- _Task item_
Write down exactly the lines of the records below, beginning with the first and ending with the line that includes "dkny packable puffer jacket with hood".

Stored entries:

+++

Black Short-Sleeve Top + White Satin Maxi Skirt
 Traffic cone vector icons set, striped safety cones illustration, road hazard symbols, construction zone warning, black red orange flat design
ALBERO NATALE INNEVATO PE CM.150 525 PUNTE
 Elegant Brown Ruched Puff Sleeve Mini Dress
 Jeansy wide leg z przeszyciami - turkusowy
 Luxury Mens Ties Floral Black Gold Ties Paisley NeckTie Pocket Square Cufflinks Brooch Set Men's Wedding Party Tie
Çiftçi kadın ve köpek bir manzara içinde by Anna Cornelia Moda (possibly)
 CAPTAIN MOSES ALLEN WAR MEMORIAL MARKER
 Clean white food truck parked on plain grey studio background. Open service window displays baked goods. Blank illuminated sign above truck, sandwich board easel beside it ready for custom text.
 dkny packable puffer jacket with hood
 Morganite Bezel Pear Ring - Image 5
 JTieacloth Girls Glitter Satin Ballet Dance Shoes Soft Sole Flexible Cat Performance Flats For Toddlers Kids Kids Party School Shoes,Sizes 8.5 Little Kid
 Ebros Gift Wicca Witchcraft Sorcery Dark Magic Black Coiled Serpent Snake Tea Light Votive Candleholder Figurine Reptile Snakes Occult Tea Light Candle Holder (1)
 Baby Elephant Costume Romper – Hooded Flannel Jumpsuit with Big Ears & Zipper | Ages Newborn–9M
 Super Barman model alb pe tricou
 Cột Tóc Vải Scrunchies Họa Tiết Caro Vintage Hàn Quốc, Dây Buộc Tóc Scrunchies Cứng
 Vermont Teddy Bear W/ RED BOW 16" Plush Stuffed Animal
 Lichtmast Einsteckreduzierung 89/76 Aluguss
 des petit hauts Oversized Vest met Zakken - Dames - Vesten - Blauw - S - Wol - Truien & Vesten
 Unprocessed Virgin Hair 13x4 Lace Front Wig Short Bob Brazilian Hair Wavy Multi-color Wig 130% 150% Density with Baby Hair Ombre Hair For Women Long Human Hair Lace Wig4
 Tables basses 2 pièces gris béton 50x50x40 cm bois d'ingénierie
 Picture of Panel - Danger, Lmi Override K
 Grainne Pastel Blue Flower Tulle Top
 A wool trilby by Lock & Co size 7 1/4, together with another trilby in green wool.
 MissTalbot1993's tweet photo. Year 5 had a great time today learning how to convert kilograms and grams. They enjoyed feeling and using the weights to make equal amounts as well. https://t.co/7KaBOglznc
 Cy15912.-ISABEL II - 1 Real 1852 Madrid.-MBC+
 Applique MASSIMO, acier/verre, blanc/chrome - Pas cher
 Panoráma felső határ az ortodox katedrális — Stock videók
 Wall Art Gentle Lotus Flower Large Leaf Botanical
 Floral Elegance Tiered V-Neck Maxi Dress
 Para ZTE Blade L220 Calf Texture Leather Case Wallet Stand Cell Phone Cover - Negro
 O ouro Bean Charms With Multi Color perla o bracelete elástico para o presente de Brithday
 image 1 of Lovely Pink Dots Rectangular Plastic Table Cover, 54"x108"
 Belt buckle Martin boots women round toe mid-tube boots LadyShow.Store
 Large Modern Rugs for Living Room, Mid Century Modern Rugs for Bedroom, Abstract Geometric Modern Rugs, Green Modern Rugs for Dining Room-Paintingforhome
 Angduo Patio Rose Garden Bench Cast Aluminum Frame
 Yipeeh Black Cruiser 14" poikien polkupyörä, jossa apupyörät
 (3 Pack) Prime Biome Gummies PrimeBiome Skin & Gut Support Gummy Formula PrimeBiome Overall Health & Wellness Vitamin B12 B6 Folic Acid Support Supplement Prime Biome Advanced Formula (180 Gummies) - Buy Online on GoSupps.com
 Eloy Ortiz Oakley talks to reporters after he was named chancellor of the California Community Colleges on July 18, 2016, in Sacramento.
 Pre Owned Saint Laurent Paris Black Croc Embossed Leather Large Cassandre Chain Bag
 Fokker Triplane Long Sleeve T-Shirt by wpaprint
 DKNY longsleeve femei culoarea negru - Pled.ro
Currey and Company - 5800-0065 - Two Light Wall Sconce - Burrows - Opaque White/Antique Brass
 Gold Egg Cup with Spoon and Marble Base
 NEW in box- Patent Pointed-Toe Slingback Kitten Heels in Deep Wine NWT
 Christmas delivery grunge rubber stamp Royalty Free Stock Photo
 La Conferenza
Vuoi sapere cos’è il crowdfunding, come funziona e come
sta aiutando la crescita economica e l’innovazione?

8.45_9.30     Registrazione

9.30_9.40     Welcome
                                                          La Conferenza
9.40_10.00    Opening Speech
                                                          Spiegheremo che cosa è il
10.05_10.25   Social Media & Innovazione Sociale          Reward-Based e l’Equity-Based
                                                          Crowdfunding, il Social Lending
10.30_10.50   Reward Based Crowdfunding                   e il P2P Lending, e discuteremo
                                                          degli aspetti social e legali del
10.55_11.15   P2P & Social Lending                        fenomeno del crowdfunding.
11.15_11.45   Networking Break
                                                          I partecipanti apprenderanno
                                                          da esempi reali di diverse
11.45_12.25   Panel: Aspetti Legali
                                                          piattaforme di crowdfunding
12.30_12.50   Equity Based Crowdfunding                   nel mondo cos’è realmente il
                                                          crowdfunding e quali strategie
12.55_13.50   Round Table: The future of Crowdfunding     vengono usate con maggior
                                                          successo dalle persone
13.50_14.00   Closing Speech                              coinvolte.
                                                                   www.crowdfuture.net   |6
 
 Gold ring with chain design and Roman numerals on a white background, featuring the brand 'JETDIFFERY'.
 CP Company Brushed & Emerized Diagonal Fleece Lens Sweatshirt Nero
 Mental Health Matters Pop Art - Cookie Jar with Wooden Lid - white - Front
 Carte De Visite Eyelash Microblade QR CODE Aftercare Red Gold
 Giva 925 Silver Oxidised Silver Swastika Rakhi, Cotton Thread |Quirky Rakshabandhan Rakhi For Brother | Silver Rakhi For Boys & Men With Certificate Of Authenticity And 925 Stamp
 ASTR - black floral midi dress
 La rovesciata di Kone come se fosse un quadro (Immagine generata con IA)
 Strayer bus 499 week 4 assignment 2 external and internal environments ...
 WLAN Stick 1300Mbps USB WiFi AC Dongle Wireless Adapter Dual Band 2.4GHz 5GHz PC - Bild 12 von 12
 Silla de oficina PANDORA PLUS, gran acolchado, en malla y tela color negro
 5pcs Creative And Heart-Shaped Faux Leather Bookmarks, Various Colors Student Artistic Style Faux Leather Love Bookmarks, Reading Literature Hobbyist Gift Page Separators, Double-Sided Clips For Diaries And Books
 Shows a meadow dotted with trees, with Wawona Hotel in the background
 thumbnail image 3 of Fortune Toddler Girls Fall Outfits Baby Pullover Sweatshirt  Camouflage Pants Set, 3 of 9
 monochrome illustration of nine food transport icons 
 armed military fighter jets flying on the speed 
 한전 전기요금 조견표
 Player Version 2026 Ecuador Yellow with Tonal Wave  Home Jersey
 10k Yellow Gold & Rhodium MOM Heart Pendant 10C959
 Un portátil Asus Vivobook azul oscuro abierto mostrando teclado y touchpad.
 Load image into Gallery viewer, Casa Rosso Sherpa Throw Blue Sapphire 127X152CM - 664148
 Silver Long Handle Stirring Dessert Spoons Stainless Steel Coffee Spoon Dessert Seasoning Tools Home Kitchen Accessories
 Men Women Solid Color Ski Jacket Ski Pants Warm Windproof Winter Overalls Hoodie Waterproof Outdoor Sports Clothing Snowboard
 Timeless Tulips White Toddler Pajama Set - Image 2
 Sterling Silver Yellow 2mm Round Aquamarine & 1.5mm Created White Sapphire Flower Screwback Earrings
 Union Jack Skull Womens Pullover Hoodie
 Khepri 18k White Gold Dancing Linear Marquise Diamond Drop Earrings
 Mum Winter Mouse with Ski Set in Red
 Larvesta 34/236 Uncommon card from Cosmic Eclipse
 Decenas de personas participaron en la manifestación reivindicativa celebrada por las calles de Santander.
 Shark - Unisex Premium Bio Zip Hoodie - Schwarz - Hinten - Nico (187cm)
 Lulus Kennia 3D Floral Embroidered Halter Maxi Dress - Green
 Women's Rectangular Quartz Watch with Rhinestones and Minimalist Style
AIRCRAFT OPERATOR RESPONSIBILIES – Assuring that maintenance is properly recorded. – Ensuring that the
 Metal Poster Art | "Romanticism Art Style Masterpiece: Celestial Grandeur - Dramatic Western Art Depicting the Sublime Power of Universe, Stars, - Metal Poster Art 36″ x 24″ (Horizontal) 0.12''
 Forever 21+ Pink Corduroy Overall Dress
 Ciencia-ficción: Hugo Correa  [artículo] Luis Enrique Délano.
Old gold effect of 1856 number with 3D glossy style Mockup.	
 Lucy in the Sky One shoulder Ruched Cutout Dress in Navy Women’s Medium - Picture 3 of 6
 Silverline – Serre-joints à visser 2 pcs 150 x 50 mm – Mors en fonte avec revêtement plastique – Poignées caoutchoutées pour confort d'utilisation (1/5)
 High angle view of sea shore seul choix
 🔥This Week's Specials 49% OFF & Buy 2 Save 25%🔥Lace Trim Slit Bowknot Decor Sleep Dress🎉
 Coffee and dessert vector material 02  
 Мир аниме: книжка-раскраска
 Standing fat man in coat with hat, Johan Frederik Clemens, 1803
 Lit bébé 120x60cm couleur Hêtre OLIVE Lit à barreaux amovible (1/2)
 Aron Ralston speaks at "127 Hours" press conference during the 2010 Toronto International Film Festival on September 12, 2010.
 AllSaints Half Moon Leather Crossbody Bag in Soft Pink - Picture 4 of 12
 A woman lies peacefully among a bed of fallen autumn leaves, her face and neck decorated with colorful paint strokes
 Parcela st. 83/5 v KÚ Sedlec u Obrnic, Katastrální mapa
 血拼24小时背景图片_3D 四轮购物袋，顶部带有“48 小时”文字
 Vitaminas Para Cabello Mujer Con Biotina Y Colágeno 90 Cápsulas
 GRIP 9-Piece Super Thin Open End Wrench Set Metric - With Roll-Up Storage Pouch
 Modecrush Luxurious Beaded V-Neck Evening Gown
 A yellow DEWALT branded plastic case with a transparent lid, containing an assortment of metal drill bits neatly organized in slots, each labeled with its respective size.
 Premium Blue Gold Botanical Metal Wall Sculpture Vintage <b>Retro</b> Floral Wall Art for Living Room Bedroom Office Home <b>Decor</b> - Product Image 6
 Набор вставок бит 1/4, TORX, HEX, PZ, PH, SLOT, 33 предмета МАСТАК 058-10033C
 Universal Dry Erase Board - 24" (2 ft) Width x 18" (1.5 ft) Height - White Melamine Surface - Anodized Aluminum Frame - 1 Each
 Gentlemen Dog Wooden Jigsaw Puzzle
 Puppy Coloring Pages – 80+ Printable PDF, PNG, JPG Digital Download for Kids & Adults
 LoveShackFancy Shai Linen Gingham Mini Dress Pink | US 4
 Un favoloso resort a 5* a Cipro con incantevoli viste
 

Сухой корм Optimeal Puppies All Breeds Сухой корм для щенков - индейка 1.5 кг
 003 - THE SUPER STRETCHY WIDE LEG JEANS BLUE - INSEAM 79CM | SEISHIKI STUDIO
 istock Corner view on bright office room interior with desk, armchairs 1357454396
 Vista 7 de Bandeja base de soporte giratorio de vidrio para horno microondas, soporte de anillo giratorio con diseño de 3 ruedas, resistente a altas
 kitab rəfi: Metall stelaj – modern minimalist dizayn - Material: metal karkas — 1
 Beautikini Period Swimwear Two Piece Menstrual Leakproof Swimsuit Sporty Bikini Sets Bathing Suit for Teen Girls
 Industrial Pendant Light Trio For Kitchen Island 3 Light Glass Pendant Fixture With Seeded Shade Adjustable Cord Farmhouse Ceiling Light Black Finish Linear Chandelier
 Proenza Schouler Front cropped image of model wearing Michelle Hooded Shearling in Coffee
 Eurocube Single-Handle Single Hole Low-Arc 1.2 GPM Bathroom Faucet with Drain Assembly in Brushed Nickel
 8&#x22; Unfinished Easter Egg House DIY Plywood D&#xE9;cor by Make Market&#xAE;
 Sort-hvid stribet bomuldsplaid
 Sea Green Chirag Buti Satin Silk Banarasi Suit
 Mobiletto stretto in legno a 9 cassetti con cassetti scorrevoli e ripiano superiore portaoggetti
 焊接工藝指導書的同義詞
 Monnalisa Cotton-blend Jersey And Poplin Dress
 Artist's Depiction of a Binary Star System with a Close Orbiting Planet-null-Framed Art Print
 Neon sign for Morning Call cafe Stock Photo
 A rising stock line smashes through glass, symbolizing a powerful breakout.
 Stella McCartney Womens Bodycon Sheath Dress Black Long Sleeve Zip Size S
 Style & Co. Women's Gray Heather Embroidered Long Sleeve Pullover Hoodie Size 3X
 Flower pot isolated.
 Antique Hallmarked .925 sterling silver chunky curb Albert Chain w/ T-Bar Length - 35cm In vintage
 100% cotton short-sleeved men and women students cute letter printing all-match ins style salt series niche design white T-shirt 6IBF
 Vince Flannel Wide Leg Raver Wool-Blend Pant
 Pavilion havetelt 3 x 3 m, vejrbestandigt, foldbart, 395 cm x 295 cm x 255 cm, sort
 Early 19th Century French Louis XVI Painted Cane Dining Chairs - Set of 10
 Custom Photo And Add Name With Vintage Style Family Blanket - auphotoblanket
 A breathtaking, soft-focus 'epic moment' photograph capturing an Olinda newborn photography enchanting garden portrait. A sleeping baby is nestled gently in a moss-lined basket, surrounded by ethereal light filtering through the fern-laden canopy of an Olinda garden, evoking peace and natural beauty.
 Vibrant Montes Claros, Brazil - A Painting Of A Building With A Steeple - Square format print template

+++

- _Response area_
Black Short-Sleeve Top + White Satin Maxi Skirt
 Traffic cone vector icons set, striped safety cones illustration, road hazard symbols, construction zone warning, black red orange flat design
ALBERO NATALE INNEVATO PE CM.150 525 PUNTE
 Elegant Brown Ruched Puff Sleeve Mini Dress
 Jeansy wide leg z przeszyciami - turkusowy
 Luxury Mens Ties Floral Black Gold Ties Paisley NeckTie Pocket Square Cufflinks Brooch Set Men's Wedding Party Tie
Çiftçi kadın ve köpek bir manzara içinde by Anna Cornelia Moda (possibly)
 CAPTAIN MOSES ALLEN WAR MEMORIAL MARKER
 Clean white food truck parked on plain grey studio background. Open service window displays baked goods. Blank illuminated sign above truck, sandwich board easel beside it ready for custom text.
 dkny packable puffer jacket with hood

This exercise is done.